Information given: Begin

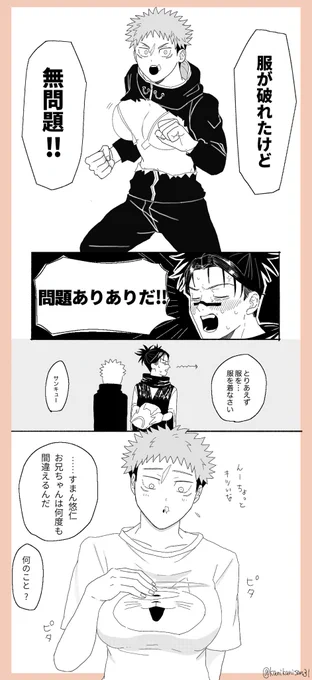脹虎♀
たわわなゆじちゃん 
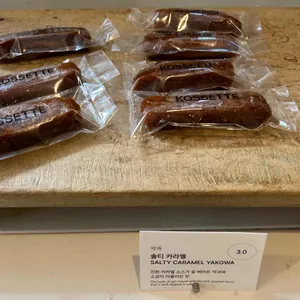 코제트 리뷰 사진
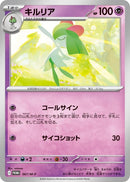 Image for Kirlia - 067/M-P (067/M-P) (M-P Promotional Cards) (M-P) - Pokemon Japan
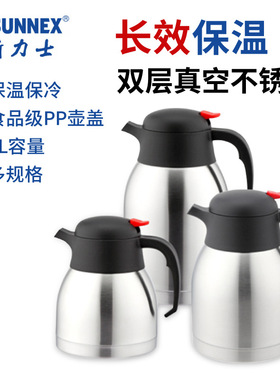 新力士SUNNEX砂光真空保温壶咖啡壶水壶商用茶壶C10005双层大容量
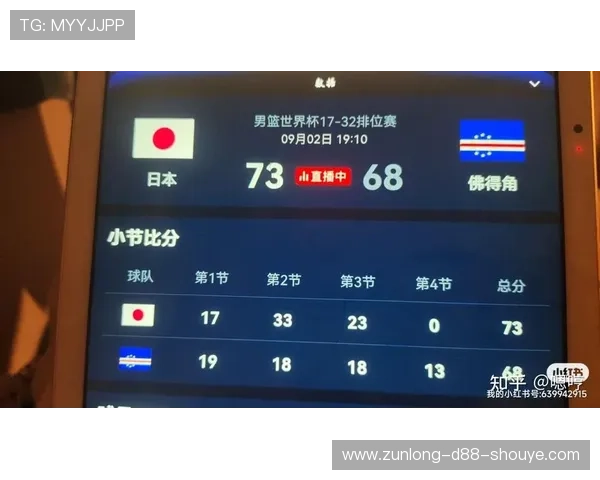 乌拉圭对佛得角比赛规则全攻略：比赛场地要求、裁判判罚标准及比赛安全措施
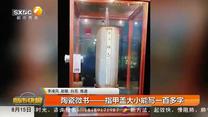 都市快报 (2026-08-15)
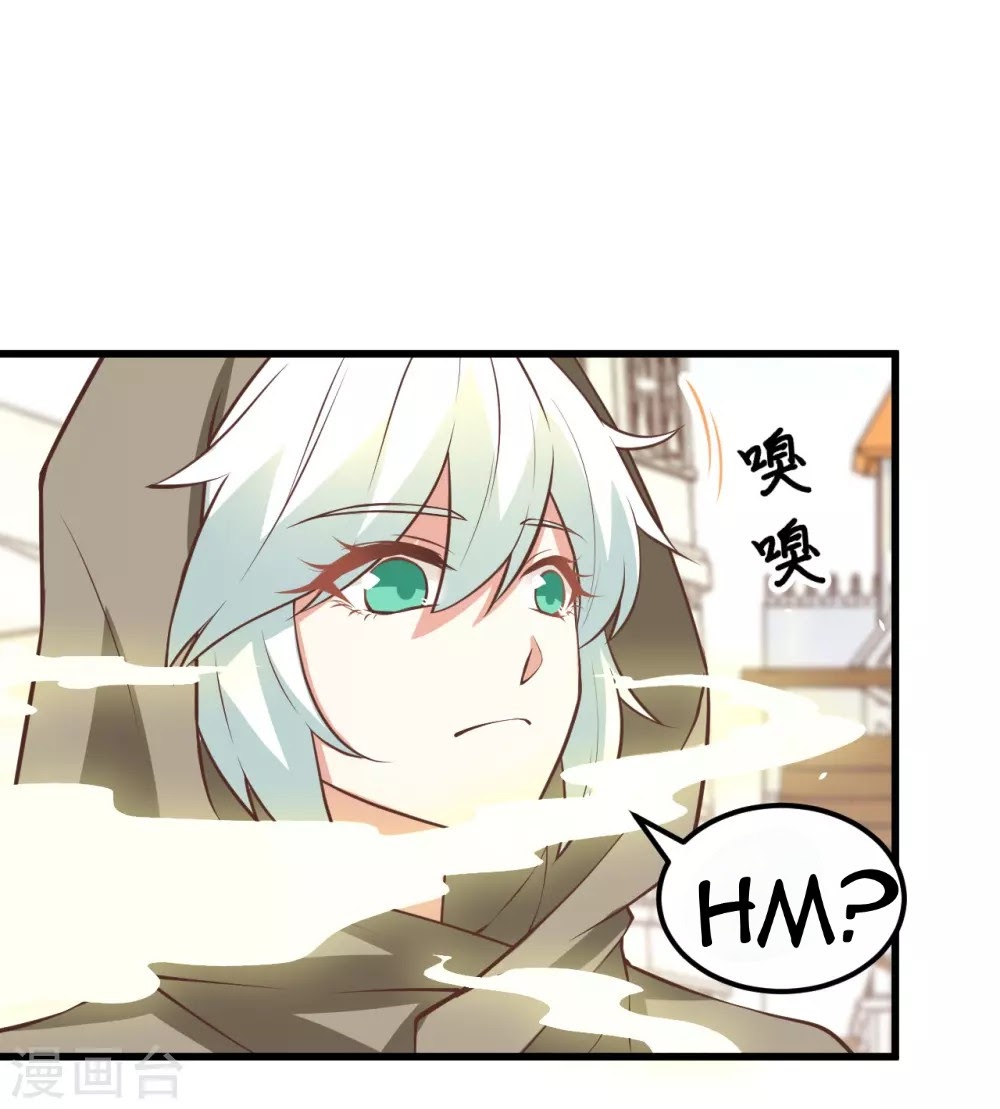 To Be The Castellan King Chapter 172 Bahasa Indonesia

Information given: End

Give back exactly the lines from the line with "乌拉圭对佛得角比赛规则全攻略：比赛场地要求、裁判判罚标准及比赛安全措施" through the end of the records, both included; keep all pictures out.

● **Result below**:
 乌拉圭对佛得角比赛规则全攻略：比赛场地要求、裁判判罚标准及比赛安全措施
 都市快报 (2026-08-15)
 To Be The Castellan King Chapter 172 Bahasa Indonesia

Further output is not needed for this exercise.